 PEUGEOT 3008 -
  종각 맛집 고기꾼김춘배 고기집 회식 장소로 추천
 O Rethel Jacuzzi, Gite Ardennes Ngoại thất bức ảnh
---
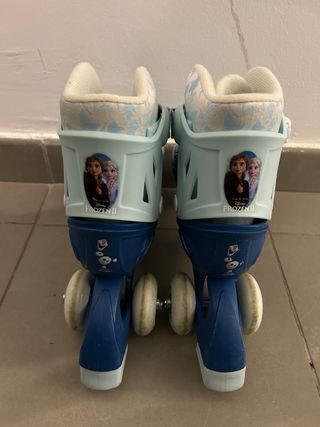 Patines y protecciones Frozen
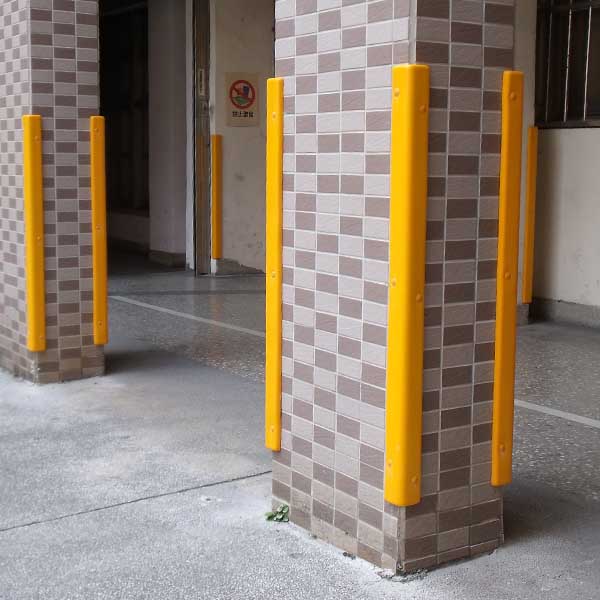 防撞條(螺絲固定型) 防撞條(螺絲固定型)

#### PROBLEM DESCRIPTION:
From the entries above, extract only the lines running from the one containing "종각 맛집 고기꾼김춘배 고기집 회식 장소로 추천" through the one containing "O Rethel Jacuzzi, Gite", inclusive.

#### EXERCISE OUTPUT:
  종각 맛집 고기꾼김춘배 고기집 회식 장소로 추천
 O Rethel Jacuzzi, Gite Ardennes Ngoại thất bức ảnh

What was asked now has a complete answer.